Novas Histórias do Tempo da Velha Escola (DXLIV)

Senhora Aparecida, 28 de maio de 2041

Escreveu o Ademar que “é nas escolas (e nas famílias) que se decide, diariamente, o futuro da humanidade”. Perante esta evidência, sobressaltei-me com o desabafo de um jovem professor:

“A minha escola é uma prostituta!”

“Porque dizes isso?” – retorqui. 

“Porque todo mundo a usa, todos se servem dela e ninguém quer saber dela”. 

“Serão as escolas merecedoras de tão violento epíteto?” – insisti. 

Imaginemos que um professor se atreve a sugerir aos colegas o gasto de um tempinho suplementar para procurar solução para um problema. Logo a maioria responde que tem mais que fazer, que está na hora de ir buscar os filhos ao colégio. Safam-se alguns com o pretexto de terem de completar o magro salário. Rematam os mais cínicos que, se ao professor proponente sobra tempo, vá para missionário, que não lhe há-de faltar vocação. Não se querem incomodar. Marcam o ponto e vão à sua vidinha!”  

Uma profissão marcada pelo individualismo impedia os professores de assumir, individualmente, responsabilidade pelos atos do seu coletivo. Mas, apesar das duras evidências, eu continuava a acreditar nas pessoas dos professores. Poderiam chamar-me ingénuo, que não me importava. Que nos valessem aqueles a quem a vida ainda não roubara os sonhos e que, apesar dos pesares, ainda resistiam nas escolas. Através deles, era legítimo aspirar a um tempo em que as escolas não pudessem ser comparadas a prostitutas.

Neste dia, mas há 115 anos, se inaugurava uma ditadura das mais longas da história humana. A escola herdada da ditadura iria deixar marcas indeléveis de analfabetismo linguístico, político, social. Coube à Ponte e a outras escolas dos primeiros tempos de democracia reduzir os prejuízos. 

Em meados dos anos oitenta, o projeto Fazer a Ponte se expandiu. Ao núcleo inicial, composto de pais e de um professor, se juntaram a Maria José e a Maria Luísa. Estava constituída a primeira equipe de projeto e ela precisava de espaços de trabalho… em equipe. Uma escola aberta (“open school”, como então se chamava) foi construída.

Para levar os filhos até à escola P3 da Ponte, onde a Sarai e o Leonardo aprenderam tudo o que um jovem precisava aprender, mais a aprendizagem da convivencialidade, o amigo Domingos percorria mais de cem quilômetros por dia. 

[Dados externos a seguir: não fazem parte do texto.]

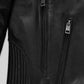 Robert Pattinson Damsel Black Striped Leather Jacket – full product view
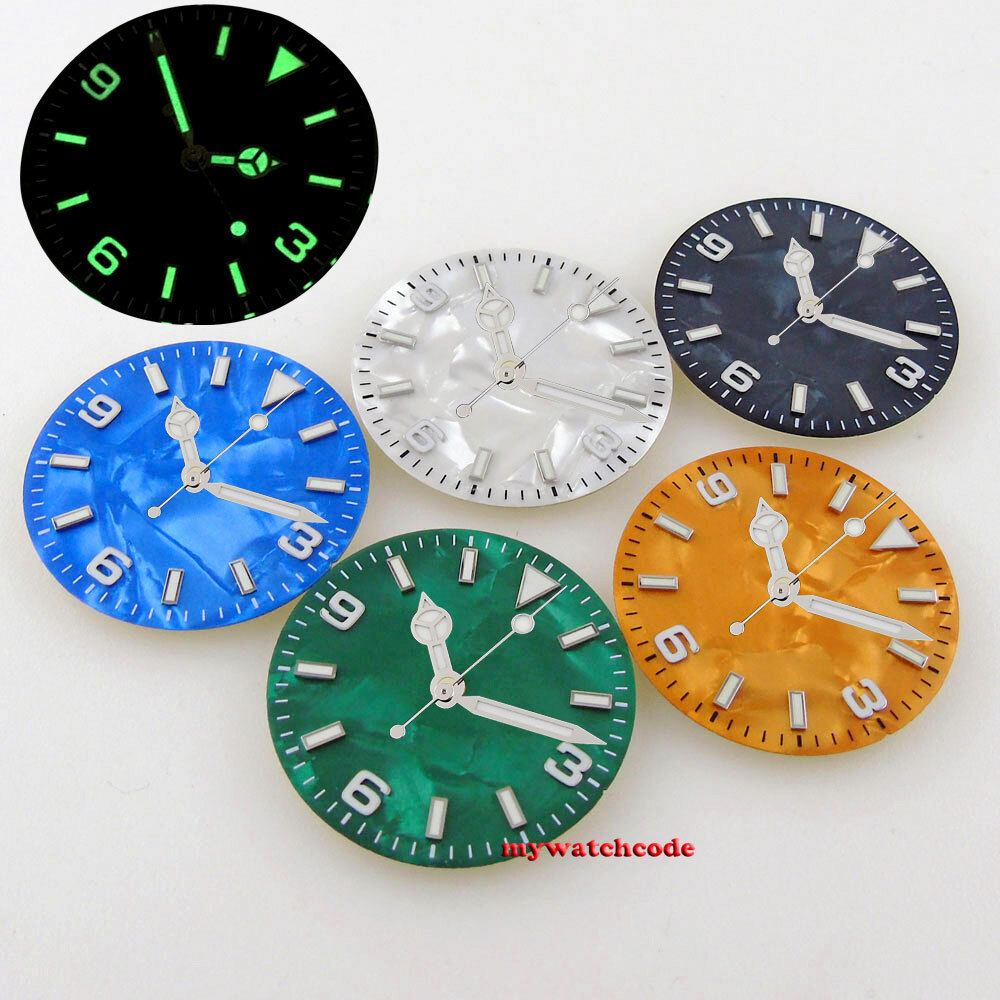 29mm Orange Blue Black White Shell Dial Fit NH35 NH36 eta 2824 2836 miyota 8215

Em 2021, o Domingos a ela voltou, na minha companhia. A “escola de área aberta”, que fora “incubadora” de novas práticas, estava votada ao abandono, degradada. Era preciso reavivar a memória da equipe de projeto. Parecia estar esquecida de que, em 2012, tinha contrariado a decisão soberana do Conselho de Pais, “a fonte principal de legitimação do Projeto e o órgão de apelo para a resolução dos problemas que não encontrem solução nos demais patamares de decisão da Escola” (cf. texto do Projeto Educativo da Ponte). A escola de área aberta ficou deserta. O bairro da Ponte (e a Vila das Aves) ficaram privadas da sua escola. Ilegalmente, ela fora levada para outro local. 

Disso vos falarei em próximas cartas e vos explicarei o que foram as “escolas de área aberta – tipo p3”. Em 1963, no âmbito da OCDE, foi iniciado um “projeto de ajuda aos países mediterrânicos”. Com o objetivo de desenvolver a escolaridade obrigatória, propunha-se apoiar países como a Grécia, a Espanha e Portugal. Nesse âmbito, um dos problemas foi o de harmonizar a concepção das construções escolares com as concepções de escola e as orientações no campo da pedagogia. 

Nos anos oitenta, no terreno da antiga “escola primária” da Ponte, onde o projeto foi gestado, uma “escola de área aberta” foi construída, para… “Fazer a Ponte”.